Al Whitehead

Al Whitehead has been wildcatting all over the world, and today he is still at it. He just formed another small family company, Canyon Springs Resources, which plans to drill one operated well in Wyoming this year near the South Dakota border.

He most recently served as chairman, president and CEO of Empire Petroleum Corp. from April 2002 to January 2015 and was its principal financial officer as well. Control of this public company was recently sold to an investor group in Denver.

Whitehead began his career in the oil business with Union Oil of California in Midland, working throughout West Texas as a landman. He had graduated from Eastern New Mexico University with a B.A. in business administration in 1955 (interrupted by two years of service in the U.S. Army in Korea), when a friend at Unocal helped him get the job. He and his wife have donated generously to the university in the past few years.

After a subsequent stint in Calgary with one of T. Boone Pickens’ early E&P companies, in 1963 he co-founded Bridger Petroleum Corp., also based in Calgary. It was backed by New York family money, including from the Marx Toy Co., which made the famous plastic Big Wheel tricycles so popular in the 1960s and 1970s. Bridger originated and explored for oil and gas prospects in Canada and the U.S. and participated in exploration projects in Turkey, Indonesia, the Persian Gulf, the North Sea and Argentina. He was CEO of Bridger until 1978, when it was sold for $68 million to Home Oil, at the time one of Calgary’s biggest independents.

In 1979 he returned to the U.S., settling in Tulsa.
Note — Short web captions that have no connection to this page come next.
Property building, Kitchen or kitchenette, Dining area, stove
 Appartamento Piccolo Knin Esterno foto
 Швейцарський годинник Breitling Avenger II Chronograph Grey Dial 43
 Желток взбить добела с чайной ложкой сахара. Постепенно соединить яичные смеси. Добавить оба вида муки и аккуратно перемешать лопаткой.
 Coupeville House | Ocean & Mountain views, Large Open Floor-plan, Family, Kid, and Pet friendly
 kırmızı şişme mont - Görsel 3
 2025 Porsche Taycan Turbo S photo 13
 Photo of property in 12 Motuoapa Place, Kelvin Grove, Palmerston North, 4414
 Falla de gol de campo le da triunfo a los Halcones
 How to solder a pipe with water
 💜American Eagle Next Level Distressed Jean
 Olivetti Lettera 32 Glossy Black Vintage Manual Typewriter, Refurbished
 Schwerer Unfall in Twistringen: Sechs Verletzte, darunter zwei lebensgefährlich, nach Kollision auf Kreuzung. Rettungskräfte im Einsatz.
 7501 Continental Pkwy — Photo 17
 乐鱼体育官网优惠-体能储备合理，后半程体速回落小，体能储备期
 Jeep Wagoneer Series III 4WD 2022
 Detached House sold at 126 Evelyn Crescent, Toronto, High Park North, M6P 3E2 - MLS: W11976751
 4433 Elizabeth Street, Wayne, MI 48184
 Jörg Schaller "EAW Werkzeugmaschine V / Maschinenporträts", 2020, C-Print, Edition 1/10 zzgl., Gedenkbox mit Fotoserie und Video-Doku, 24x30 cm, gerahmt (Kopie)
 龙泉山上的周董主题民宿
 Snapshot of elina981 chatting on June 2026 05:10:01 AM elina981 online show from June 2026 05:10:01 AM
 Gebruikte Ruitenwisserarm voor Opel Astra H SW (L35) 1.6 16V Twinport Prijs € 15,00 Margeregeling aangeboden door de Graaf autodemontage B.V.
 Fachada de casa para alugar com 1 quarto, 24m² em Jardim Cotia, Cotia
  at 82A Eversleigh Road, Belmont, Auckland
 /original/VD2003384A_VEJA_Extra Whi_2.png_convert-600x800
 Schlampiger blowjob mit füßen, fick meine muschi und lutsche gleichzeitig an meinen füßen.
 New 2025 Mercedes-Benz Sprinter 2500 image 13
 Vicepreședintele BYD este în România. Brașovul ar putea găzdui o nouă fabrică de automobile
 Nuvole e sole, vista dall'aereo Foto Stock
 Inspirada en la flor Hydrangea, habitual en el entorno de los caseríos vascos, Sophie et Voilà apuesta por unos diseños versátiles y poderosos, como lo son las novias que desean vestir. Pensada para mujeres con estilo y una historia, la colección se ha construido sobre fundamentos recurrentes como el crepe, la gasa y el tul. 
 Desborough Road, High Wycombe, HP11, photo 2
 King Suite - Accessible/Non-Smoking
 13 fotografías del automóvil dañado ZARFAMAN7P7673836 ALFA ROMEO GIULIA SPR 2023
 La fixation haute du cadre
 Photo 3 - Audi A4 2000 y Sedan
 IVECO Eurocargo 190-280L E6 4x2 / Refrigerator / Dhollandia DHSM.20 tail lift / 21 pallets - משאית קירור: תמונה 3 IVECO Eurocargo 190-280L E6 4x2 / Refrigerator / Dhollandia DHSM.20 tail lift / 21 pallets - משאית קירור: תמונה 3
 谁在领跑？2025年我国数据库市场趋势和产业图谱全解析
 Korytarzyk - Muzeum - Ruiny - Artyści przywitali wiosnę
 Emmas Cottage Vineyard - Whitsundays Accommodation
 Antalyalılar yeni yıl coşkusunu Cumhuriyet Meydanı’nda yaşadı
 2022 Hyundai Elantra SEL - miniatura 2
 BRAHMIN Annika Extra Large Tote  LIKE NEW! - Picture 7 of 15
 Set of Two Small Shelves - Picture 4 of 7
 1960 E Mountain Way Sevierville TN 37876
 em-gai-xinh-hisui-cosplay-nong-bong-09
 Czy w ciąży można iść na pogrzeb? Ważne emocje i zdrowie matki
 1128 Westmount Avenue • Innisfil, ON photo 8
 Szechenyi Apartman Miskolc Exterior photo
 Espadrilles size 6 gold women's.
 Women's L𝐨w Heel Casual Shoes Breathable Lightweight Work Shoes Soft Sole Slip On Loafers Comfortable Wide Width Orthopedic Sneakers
During the 1980s, 1990s and 2000s, he was the co-founder, CEO or director of several public and private E&Ps, including Bonanza Oil and Gas Ltd., Cimarron Petroleum Corp., Garnet Resources Corp., Seven Seas Petroleum Inc. and Coastal Energy Co.

Investor: Why did you enter the oil industry?

Whitehead: A good friend was the assistant division landman at Union Oil and he got me in. I was buying leases within a month even though I didn’t know much about it; I’d get out there and those farmers would start asking me fancy questions I couldn’t answer, so I’d call back to the office like they’d told me to do. It was sink or swim. I was getting leases, getting permits to do geophysical work and settling claims—it was a good learning curve.

Investor: How did you transition to working in Calgary for 20 years?

Whitehead: My friend Lawton Clark was hired to work for Boone Pickens in Amarillo … and guess who got to go to Amarillo with Union Oil? I was there about six months when Boone approached me, and he started talking about going into Canada. I said I’d join them only if I had an opportunity to go to Canada. I loaded up the family in 1959 and we went to Calgary … I loved it up there. But I left Boone after a short while and in 1963, I formed a company that eventually became Bridger Petroleum, which drilled close to 100 wells a year in Canada, mostly shallow gas.

We drilled only the second well ever drilled in the Hudson Bay area. We had to land up there on a sea plane, it was so remote. We cored the whole well, but the sea plane wasn’t big enough to carry all the core back to Winnipeg, so I hired two guys to stay there; they checked the ice every day until it was thick enough to support a plane to land on it and pick up all that core.

Investor: Why did Garnet go into Colombia? What is it about international that intrigues you?

Whitehead: We anticipated finding larger reserves and at that time it was fairly unexplored. We drilled three or four exploration wells there. It was pure jungle. What we had to do to get the oil out would blow your mind: We had to barge it out on trucks across a river. We were operating straight into the FARC-dominated area, and one of our guys was kidnapped … we negotiated back and forth and eventually we got him back for $15,000. It was wild.

Investor: You are a true wildcatter.

Whitehead: I enjoyed the thrill, but not anymore. At one time we had drilled in Spain, Australia, the Malacca Strait, Colombia, Papua New Guinea. It’s exciting, especially when you’re 100 miles away from the nearest production. But the odds are way against you.

Investor: So it’s back to Wyoming.

Whitehead: That’s a shallow play, about 4,600 feet, to the Canyon Springs Formation, which is what I named my company. It’s in the far northeast corner about 10 miles from the South Dakota border, so it’s pretty much a wildcat. The zone we’re going after produces in the area, about 10 miles away.

Investor: Are you going to be there during drilling?

Whitehead: I probably will, because I didn’t go up to the last one. We drilled a well about six miles north of this one and got a dry hole, but this time we feel we’ve learned more from our data—I just hope we learned enough!

Investor: What sort of advice do you glean from your career?

Whitehead: You’ve got to pay very close attention to finances. If you’re wildcatting, make a very close estimation of what it will really cost you, and make sure you have the money.

You know, there are very few guys built for wildcatting, it’s such a risky business.